Attention is currently required from: Felix Singer, Lance Zhao, Nico Huber. Tim Wawrzynczak has posted comments on this change. ( https://review.coreboot.org/c/coreboot/+/60645 )
Change subject: arch/x86/acpi: Replace Add(a,b,c) with ASL 2.0 syntax ......................................................................
Patch Set 1:
(1 comment)
Patchset:
PS1:
In the past, we had patches that covered all changes in a file that didn't change the AML and a separate one for things that did change AML. It's not always wrong when it changes, for instance there are multiple ways to store the result, Store() vs. last argument to an op. IIRC, with the old syntax the compiler translated things literally while with the new syntax it tries to optimize that. Just an example, the compiler might behave differently by now.
That is a good point, I am not sure how much "optimization" IASL applies to the resulting AML.

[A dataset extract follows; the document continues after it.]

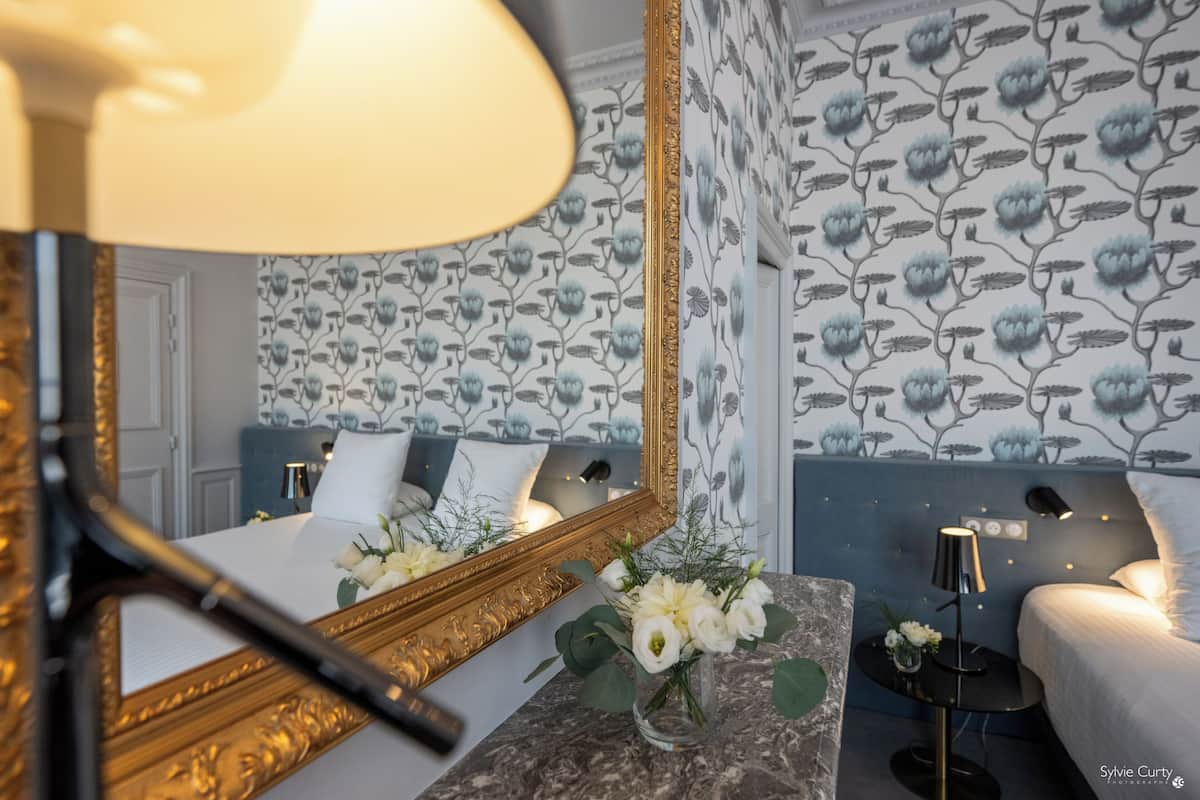 suite savary de mauléon | premium bedding, pillow-top beds, minibar, in-room safe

- medium Per-Method or per-Device changes
This sounds reasonable. I guess I wouldn't mind if the surrounding code would look consistent.
For the piecemeal approach to ASL 1.0 -> 2.0 syntax updates, this has the advantage of keeping at least some consistency
- Small, per-operand changes which are nearly trivial to review
Well, I don't doubt that there are trivial changes. But it doesn't seem trivial to decide which are trivial and which are not. The spec says the new ops act like their C equivalents but it already contradicts itself with the precedence rules. And I have doubts that things like &&, || really do the same that we are used to.

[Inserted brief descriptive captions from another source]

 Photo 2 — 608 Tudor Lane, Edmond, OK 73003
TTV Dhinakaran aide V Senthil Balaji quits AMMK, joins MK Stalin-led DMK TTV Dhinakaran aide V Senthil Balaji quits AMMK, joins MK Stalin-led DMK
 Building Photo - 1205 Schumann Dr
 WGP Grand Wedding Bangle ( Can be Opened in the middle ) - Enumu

That is a very good point, compound expressions may not have exactly the same AML output, even if the result is the same (or not, I don't know offhand if && and || are lazily evaluated like C...)
There may be more such subtleties. Over all, it seems the ASL 2.0 ops do what the ASL designers *believed* their C equivalents would do :D OTOH, I wouldn't mind keeping per-op changes. Even if we only compare the AML after a dozen changes, the commit message can say so and we'd submit them all at once? The tricky part seems to be to find which hunks result in AML changes and which don't. How the patches that don't result in AML changes are organized doesn't seem to matter that much.
I would hope something like ``` ... Store(Local0, Local1) ``` vs. translates literally into ``` Local1 = Local0 ```
and both have the exact same AML representation.
I guess the compound expressions (or things like lazy evaluations after &&) may prove to be the trickiest parts to update confidently without testing.
Reminds me, I should go through and start updating at least the chrome EC ASL code wholesale to 2.0 syntax, that is easy enough for me to test.